But Walter’s favorite career was as a piano soloist.  Although his musical training was largely informal and sporadic, his innate mastery and his natural facility for memorization gave him an uncanny ability to play, perfectly, any music he heard.  His mental repertoire grew to over 1,400 songs individually styled and arranged.

Songs, Walter insisted, are associated with episodes in a person’s life; a first date, a first love, a special star-filled evening.  Of today’s romantic music Walter said, “There’s no subtlety anymore.  The mystery of the female has been totally lost.”  He made a point of saying, “music is a force-field all by itself.  It touches people where nothing else does.”  He added, “I play the room and when the crowd grows silent, it’s the most incredible feeling in the world.”

As one of his admirers put it, “When Walter sat down at the piano people knew he was gonna’ knock their socks off…and he did.  “A killer romantic he was.” Said another.

Circa 1950

For nearly fifty years Rochesterians enjoyed listening to Walter’s music.
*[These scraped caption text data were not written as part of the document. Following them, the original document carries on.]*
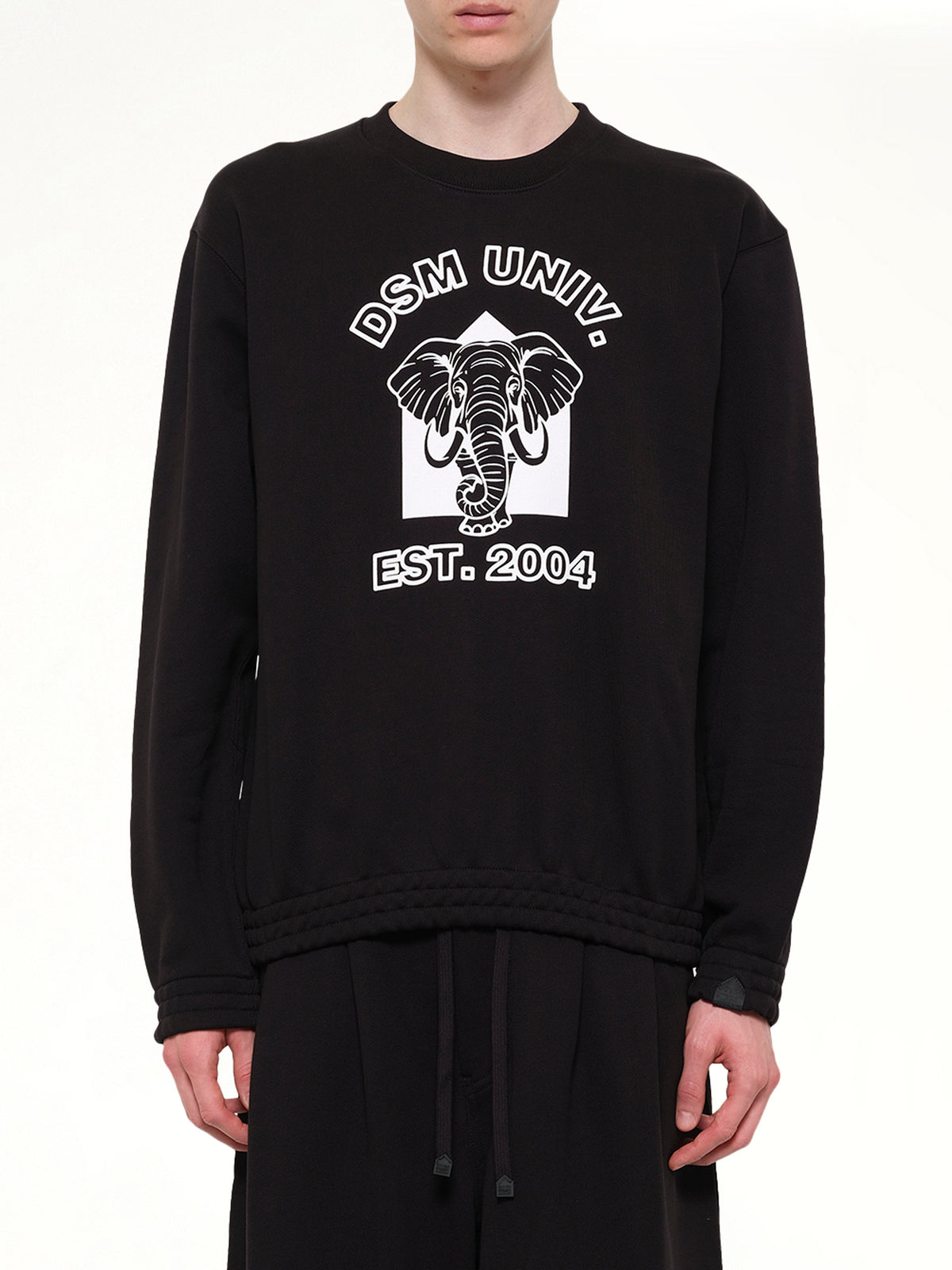 Pile Knit Cotton Sweatshirt in Black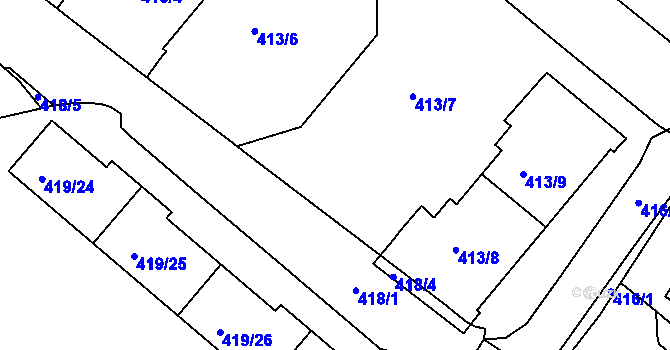 Parcela st. 413/7 v KÚ Rumburk, Katastrální mapa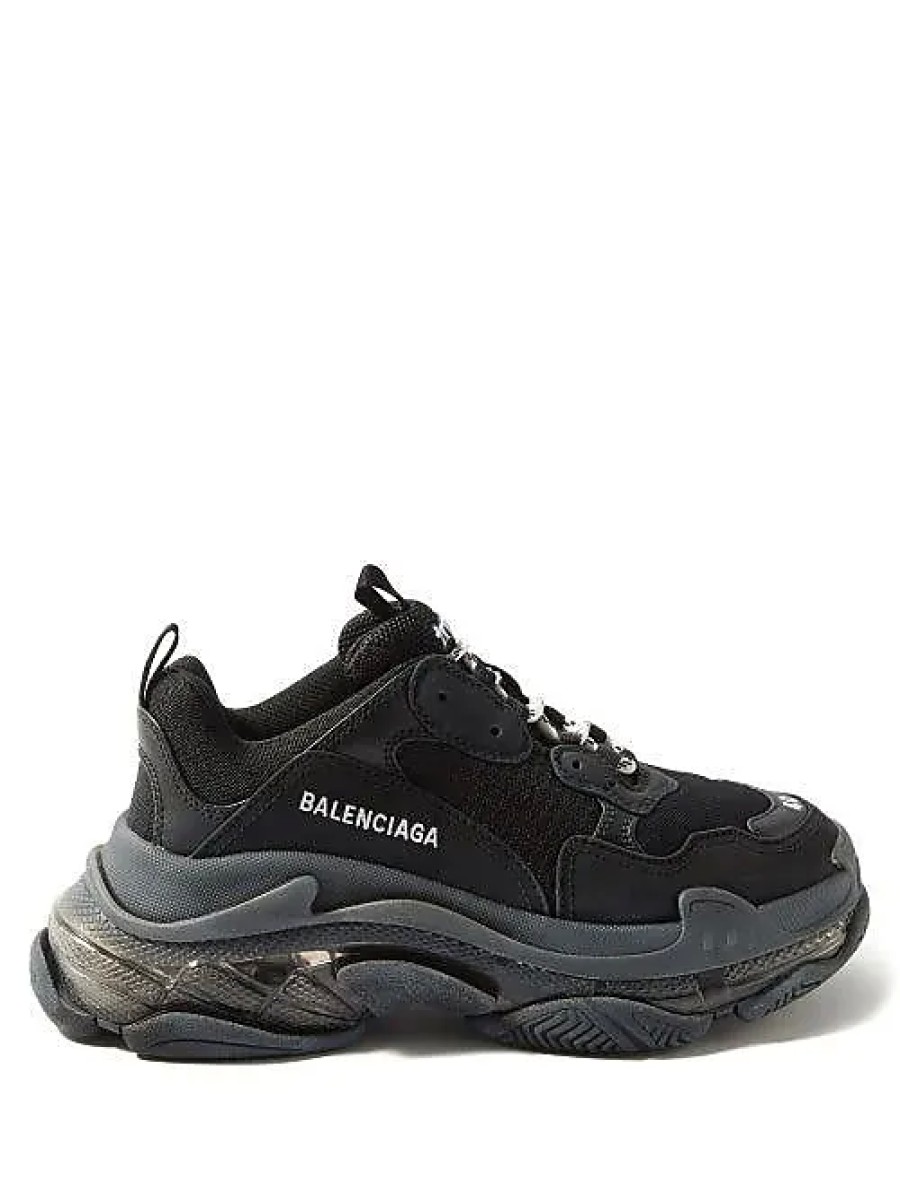 Donne Balenciaga Scarpe Estive | Scarpe Da Ginnastica In Finta Pelle Triple S - Donna - Nere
He played at such favorite dining spots as the Town and Country, Maplewood Inn, Rio Bamba, Rochester Yacht Club, Top of the Plaza, the Water Street Grille and many private parties. 

Walter Dixon at Water Street Grill 1997

Nationally, he was tapped by NBC to play piano background for their “Mr. District Attorney” TV program.  He also played at a number of clubs across the country often finding in his audience such notables as Monty Wolley, Sol Hurock, George Shearing, Charles Laughton, Charles Boyer Kay Windsor and Parker Fenley.  On one occasion he played a few Swedish folk songs for a Swedish countess which, Walter said, “moved her deeply.”

A true Renaissance Man, Walter could, and did, do it all.  He had an unerring eye for visual layout.  He was a genuine wordsmith with a commanding vocal gift.  He wrote wonderful words and, most powerfully, spoke those words; earning him the humorous epithets “Thunder-throat” and “Words-wonder-throat,” or just plain “Words.” 

Walter was a real charmer.  Always the consummate gentleman in his manners, tastes and habits, he was kind, intelligent, learned, witty and inquisitive. “He was a conversationalist extraordinaire. Whatever the conversation, Walter gave it dimension.”